_What needs to be done:_
Print every record exactly as it appears. Leave the pictures out.

_Supplied records:_
····················
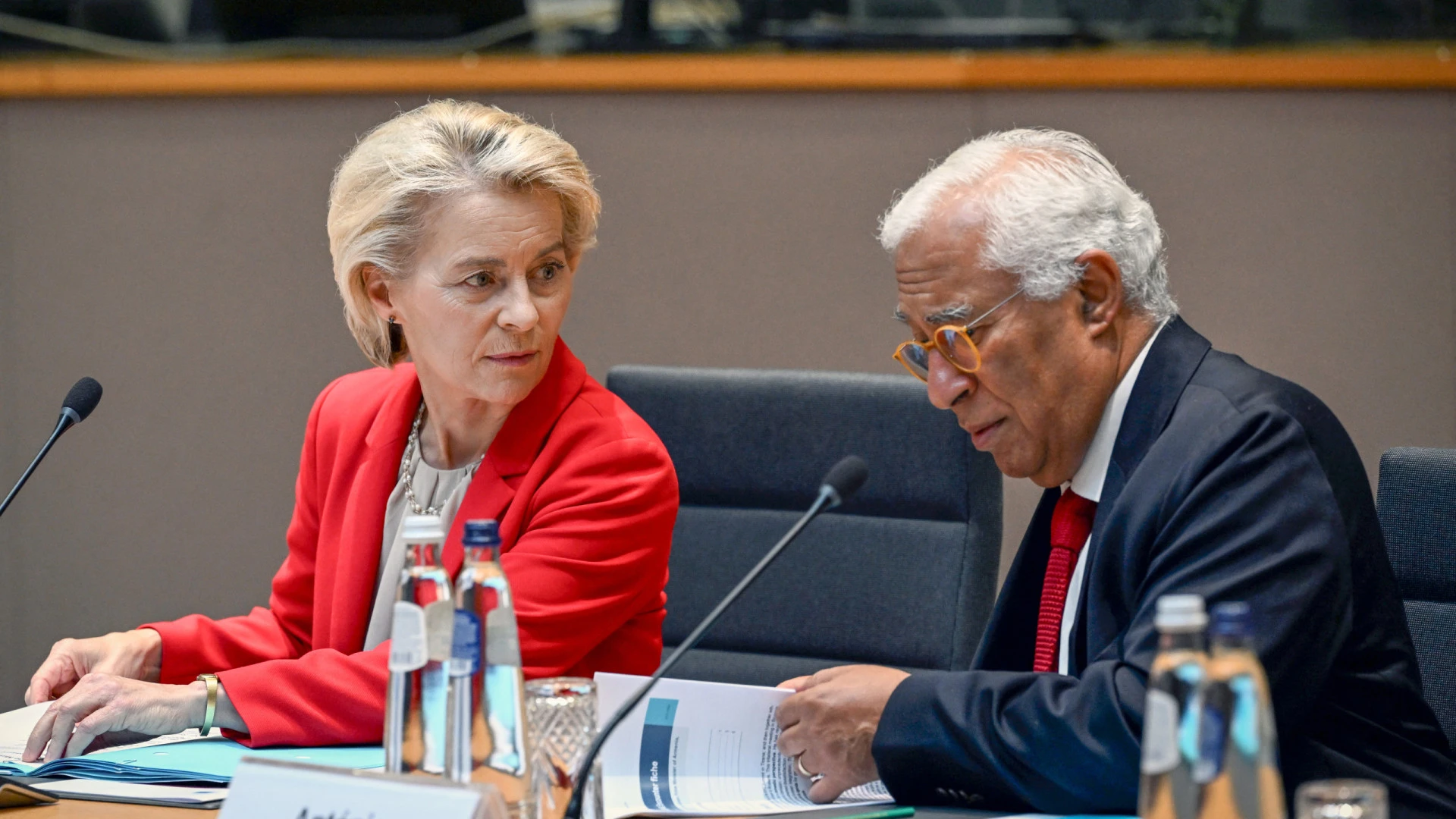 António Costa defende debate responsável sobre orçamento da UE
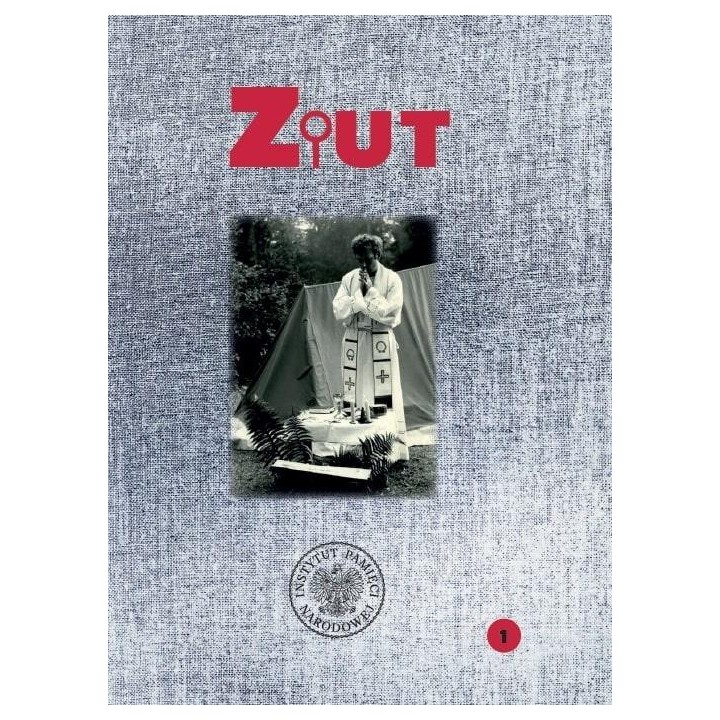 Ziut. Zapiski, listy, artykuły i homilie.. T.1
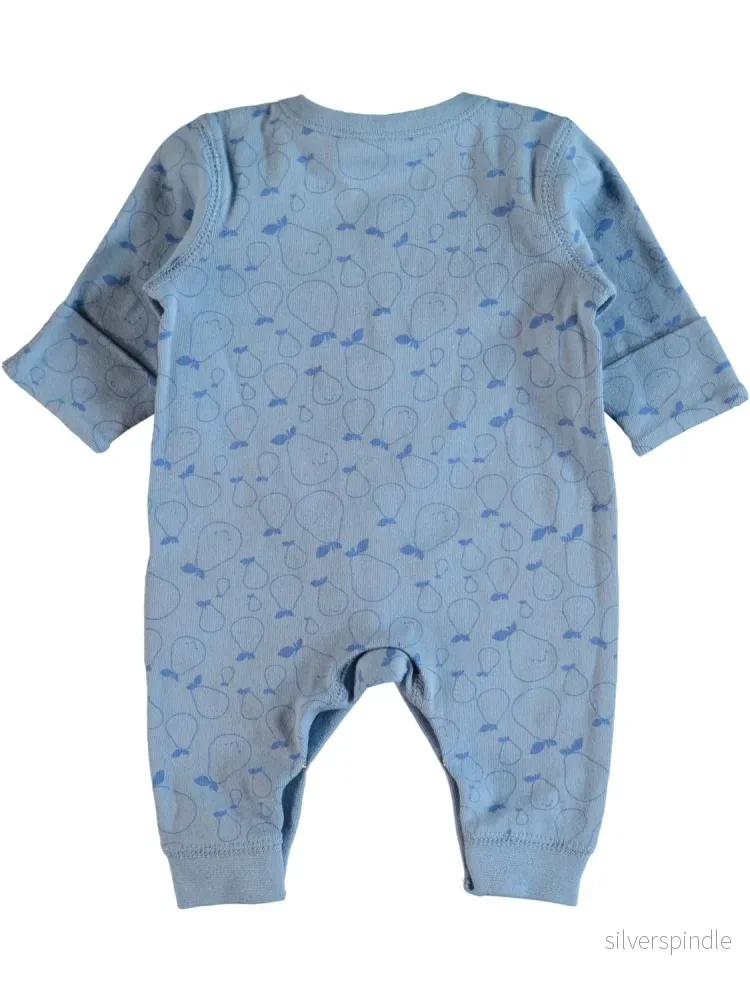 Jumpsuit Prematur - prematurkläder - Bild 2
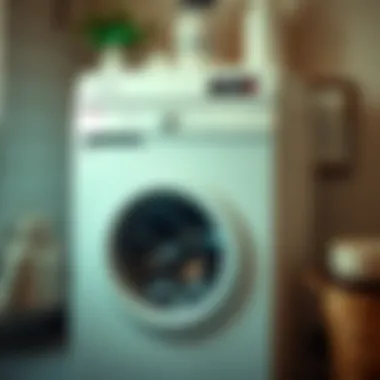 Tips for Maintaining Washing Machine Hygiene Tips for maintaining washing machine hygiene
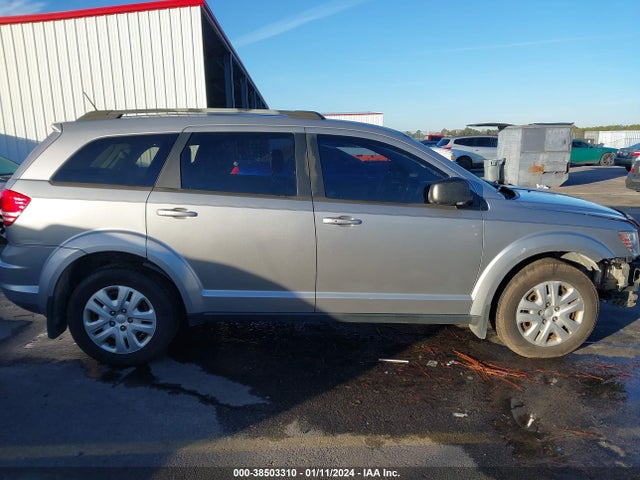 Dodge JOURNEY SE 2017 3C4PDCAB8HT558892 Image 13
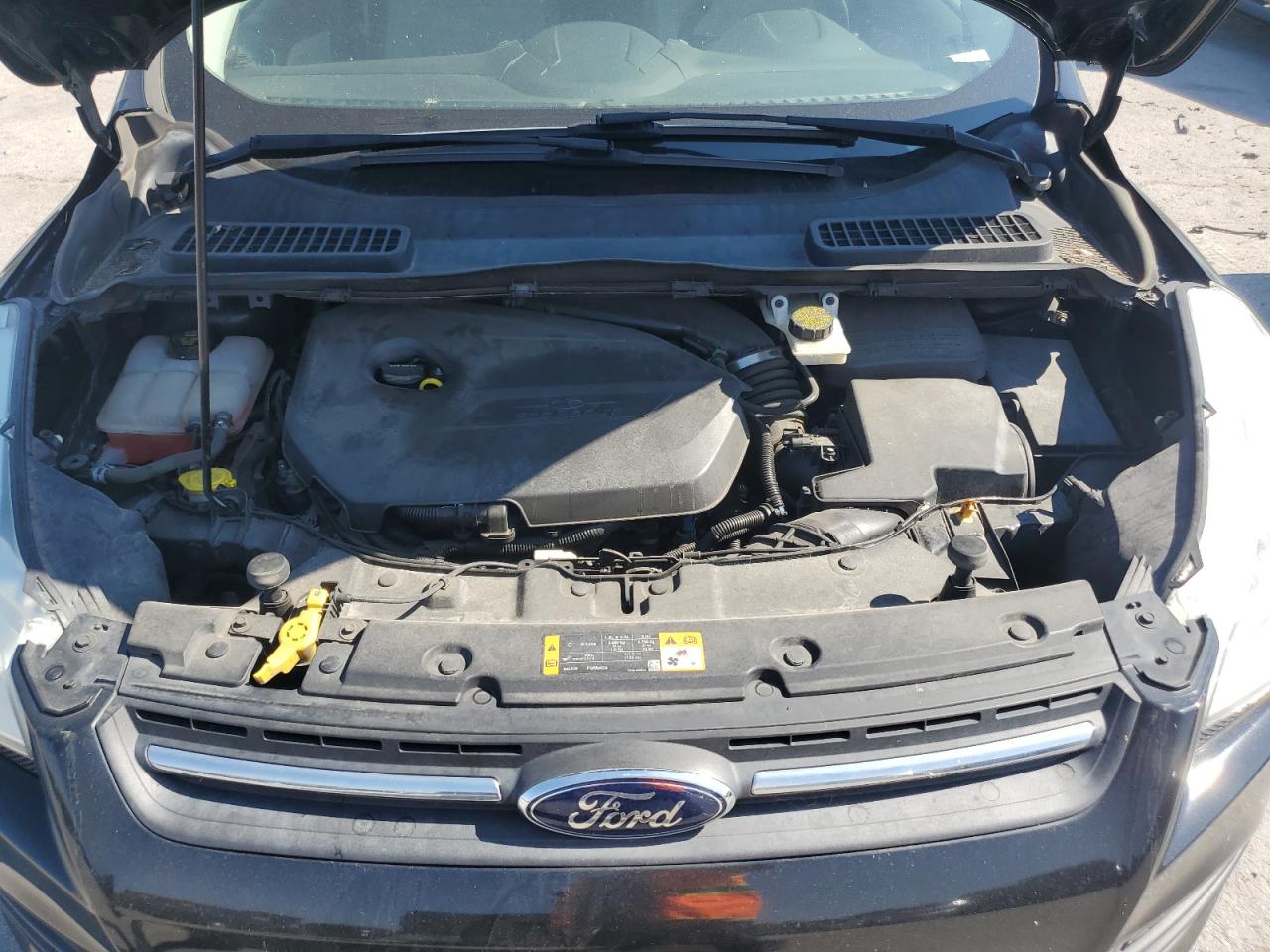 2013 Ford Escape Se VIN: 1FMCU0GX3DUD68932 Lot: 80226095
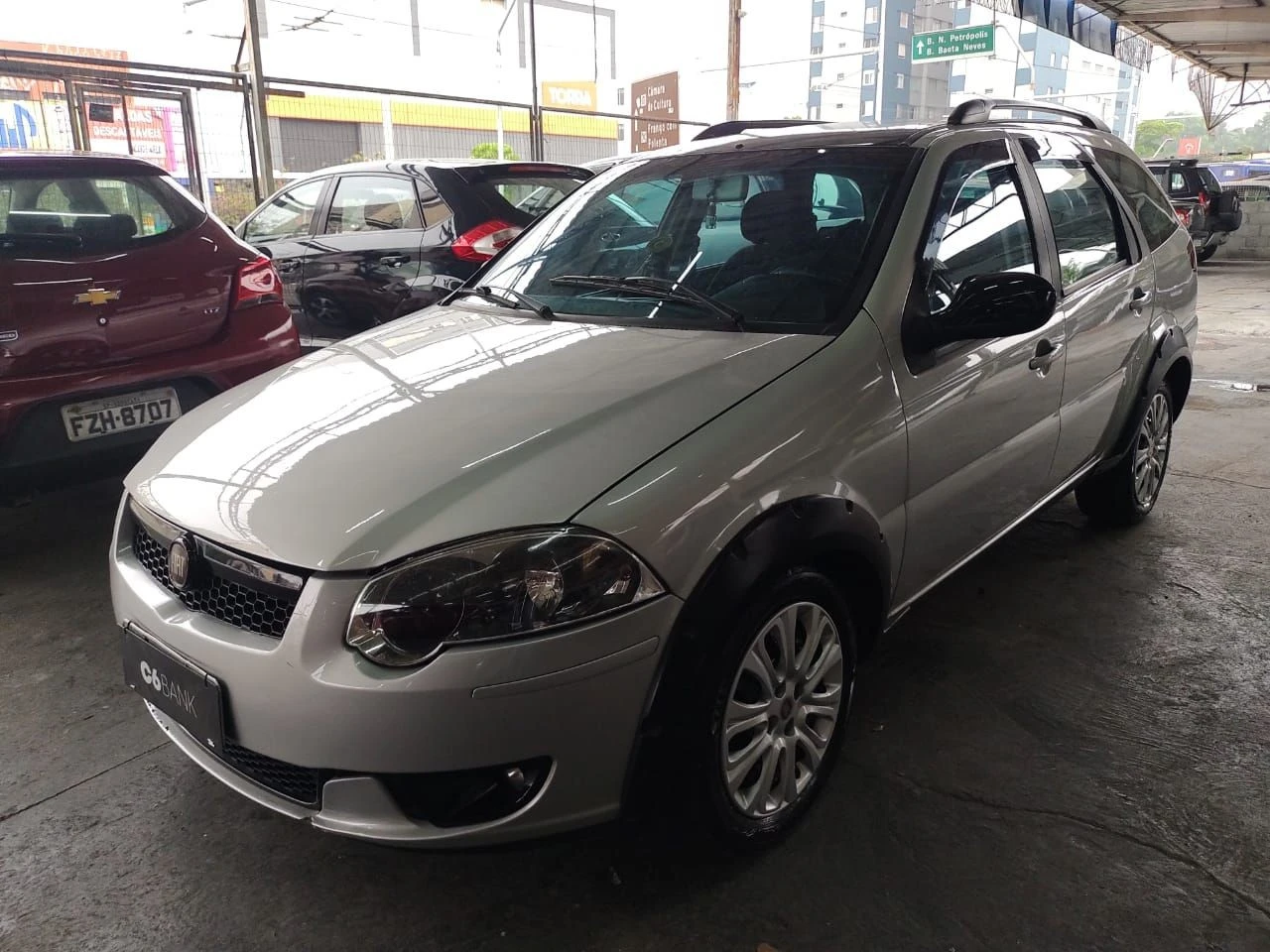 FIAT PALIO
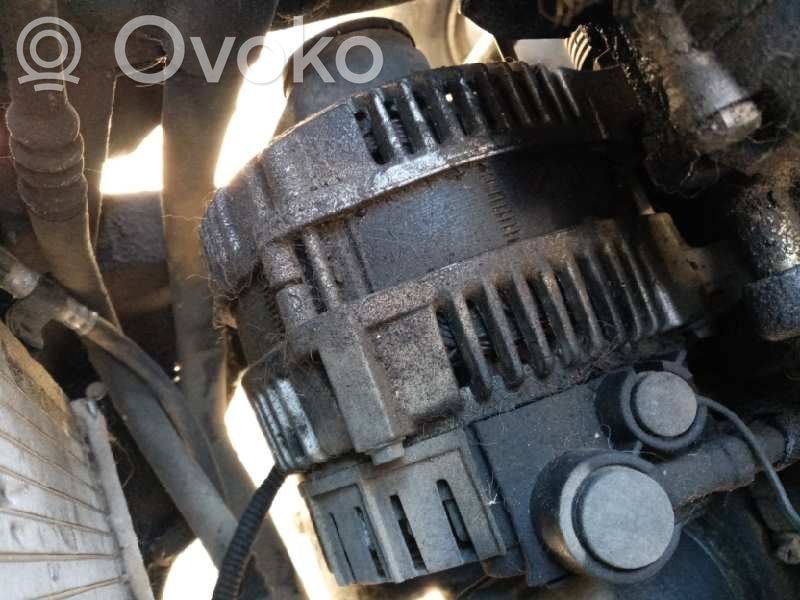Peugeot 607 Alternator 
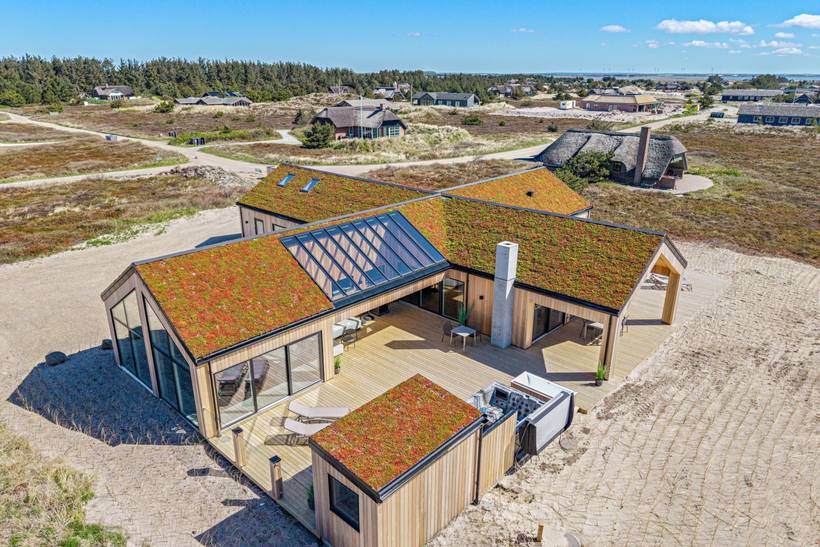 Foto von Ferienhaus TG22 in Søndervig - Westjütland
····················
_Exercise solution:_
 António Costa defende debate responsável sobre orçamento da UE
 Ziut. Zapiski, listy, artykuły i homilie.. T.1
 Jumpsuit Prematur - prematurkläder - Bild 2
 Tips for Maintaining Washing Machine Hygiene Tips for maintaining washing machine hygiene
 Dodge JOURNEY SE 2017 3C4PDCAB8HT558892 Image 13
 2013 Ford Escape Se VIN: 1FMCU0GX3DUD68932 Lot: 80226095
 FIAT PALIO
Peugeot 607 Alternator 
 Foto von Ferienhaus TG22 in Søndervig - Westjütland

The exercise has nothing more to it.